A Real Life Princess Story
A recent article in Time magazine brings to light a rather unusual story. When a six year old girl in Virginia asked her father if she could be a princess, her father took the request rather seriously. He set out in search of terra nullius, or unclaimed land, and came across an 800 square mile patch of desert in Africa. He then planted a homemade flag on this land between Egypt and the Sudan and declared it “The Kingdom of North Sudan” with his daughter as its princess.
While he had permission from Egypt to visit the tract of land left unclaimed by disparity in borders drawn in 1899 and 1902, he still lacks final authority in the creation of a new nation. He is seeking political and legal recognition from neighboring Egypt, Sudan and the ruling body of the U.N. to name a few. His stated plan is to turn the desert land into an agricultural center and thus make something of his “new country” beyond a fulfillment of his young daughter’s fantasy.

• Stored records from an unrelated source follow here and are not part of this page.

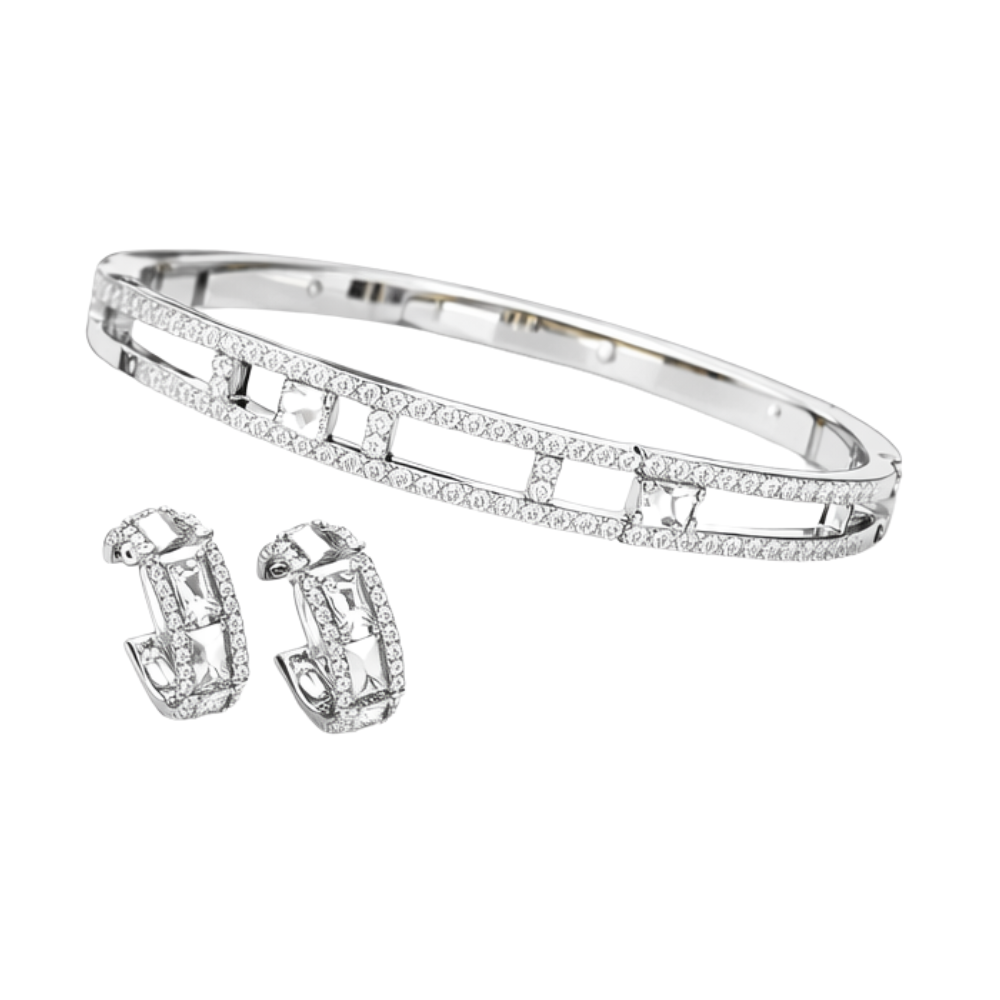 Elegant Layered Pavé Pavé White Full Diamonds
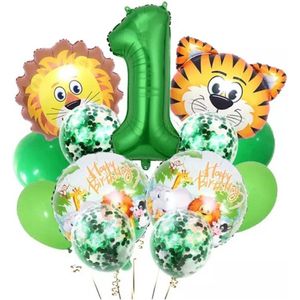 Jungle Ballonnen set - 1 Jaar - 13 stuks - Verjaardag Versiering / Feestversiering - Kinderfeestje - Jungle - Safari - Dieren - Dierentuin - Zoo - Helium ballon - Groene ballon - Gele balon - Jungle Versiering - Happy Birthday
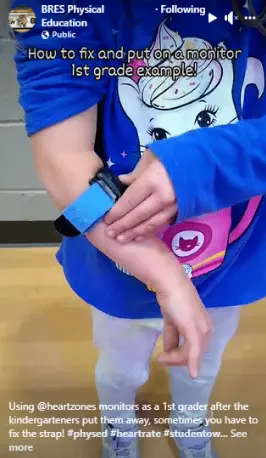 BRES student putting on Heart Zones sensor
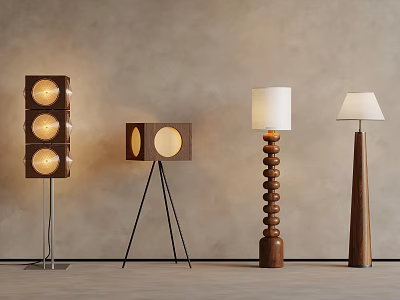 Modern Floor Lamps With Tripod Stacked Bases Wooden Metal And White Shades Design 3d model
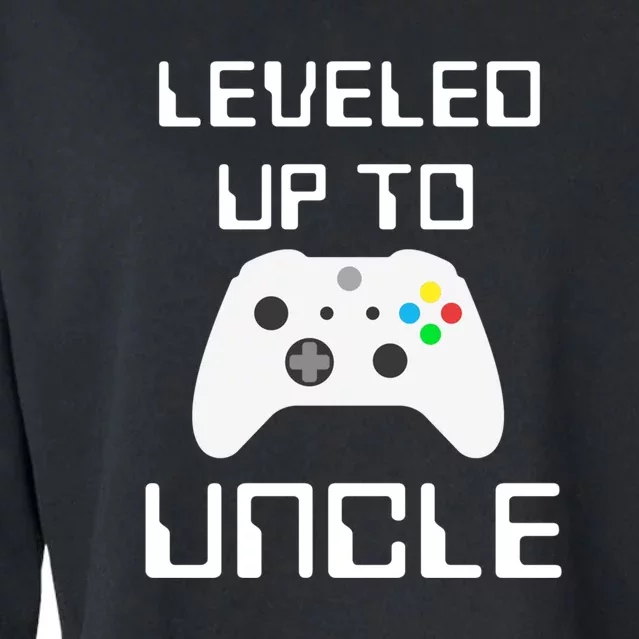 Uncle Gamer Gifts Leveled Up To Uncle Pregnancy Announcement Cropped Pullover Crew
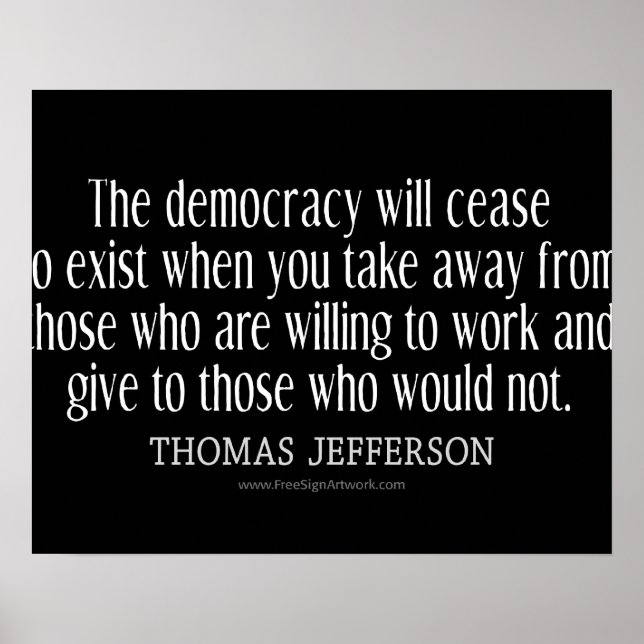 Póster Citação de Jefferson sobre Democracia (Frente)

When asked why he would do such a thing, the man replied that he did it for love of his daughter. He told The Washington Post, “I wanted to show my kids I will literally go to the ends of the earth to make their wishes and dreams come true.”
Parents showing their children that they will go to any lengths for them is a powerful thing. At the same time keeping ourselves and our wishes grounded in reality is also important. It would be difficult to find a young girl who didn’t declare that she wanted to be a princess at some point in her childhood. But is this act of love taking things too far? What do you think?
The Difference Between ‘Wants’ And ‘Needs’
Children should know that their parents will do anything for them in a time of need. When things aren’t needed it is a parent’s role to educate and to facilitate a child’s growth. We may not get all that we want, but when we have all that we need we should be content with that.
Parents: One of the most difficult things about raising children is striking the balance between giving them what they want and teaching them that there are limits. This is best achieved by starting at an early age and being consistent. Explain to children why they may have some things and not others, and why they should be grateful for the things they have rather than sad, disappointed or bitter about the things they don’t. Dreams are also wonderful things to have. No one achieves every single one of their dreams but when they come from a place of wanting to learn, to make the world a better place, to help others: even the dreams we don’t realize are fuel for growth.
Teens: Do you think the girl in this story is better off for getting to be a princess? Think back to when you were very young and something you wanted at the time: is it something you still want? Do you feel you would be better off if you had gotten it? The things that parents do on a daily basis for their children are no small feat in themselves, and it can become easy to lose sight of that when we don’t get something we want. Sometimes there is as much to be gained from not getting, or losing something as there is to be from gaining a thing we want.